On Sat, Mar 8, 2025, 5:31 AM Christopher Schultz <
ch...@christopherschultz.net> wrote:
Chuck,
On 3/7/25 5:38 PM, Chuck Caldarale wrote:
On 2025 Mar 7, at 16:06, Timothy Resh <mresh1...@gmail.com> wrote:
Dear Apache Support Team,
I'm running Tomcat 9.0.98 in the AWS Cloud. After several days of use,
we
see that the CPU utilization eventually reaches 100% in the Cloud, but
when
we RDP into the Server and look at the Task Manager, we do not see the
performance being impacted. However, users complain of severe
slowdowns,
and sometimes, it stops responding.
We are trying to discover what may be the issue. We have an automated
process that will fire off a restart when it reaches 100% utilization.
We
want to get more information by using a JPS, Jconsole, or some other
Java
utility to capture additional information before the restart. Do you
have
any suggestions in capturing this information before restart?

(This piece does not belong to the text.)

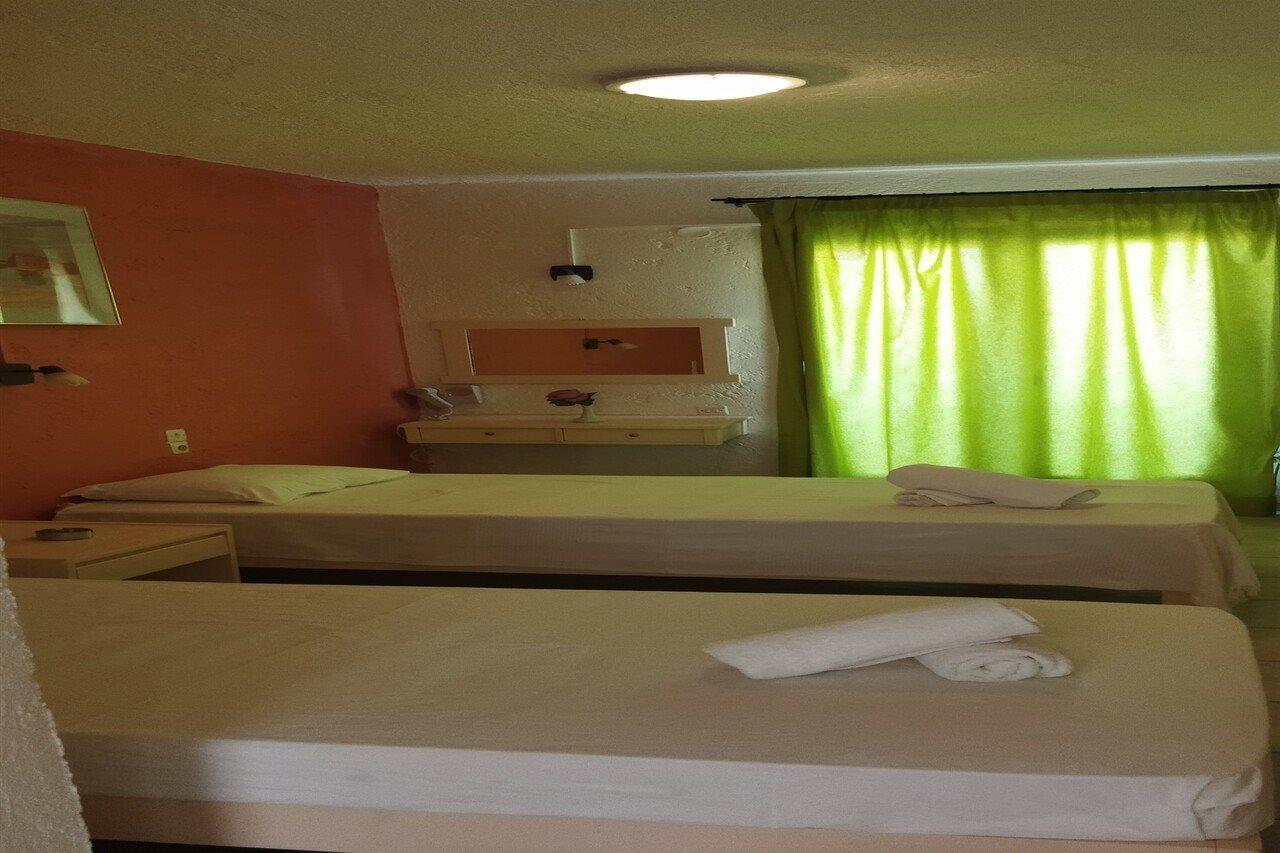 Cleo Rooms 250M From The Beach Malia Eksteriør billede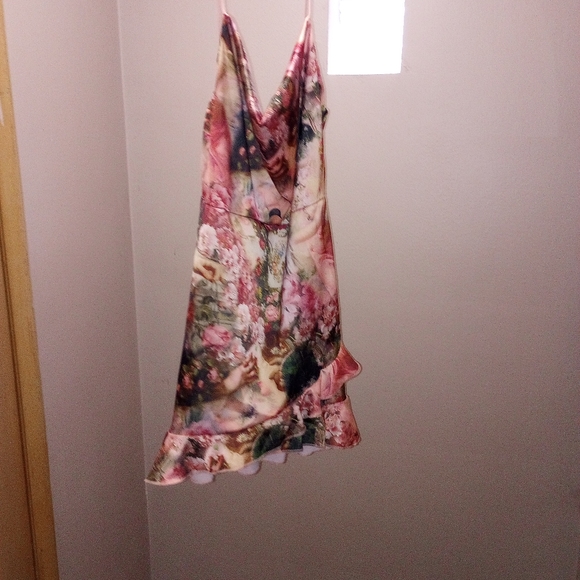 Pretty little things summer dress - Picture 3 of 7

> Try taking several full thread dumps a few seconds apart to see >
where threads are executing. You can use a profiler if you have one,
the jcmd or jstack JDK utilities, or VisualVM (separate download,
these days). The jconsole utility can also be used to look at each
individual thread one by one, but that’s somewhat painful. VisualVM
can let you determine quickly by eye which threads are burning up
the CPU.
+1
With 11 web applications deployed, you may have some performance issues
if you have a lot of scannable files and you are using reloadable="true"
in META-INF/context.xml.
But a thread dump is going to be very informative.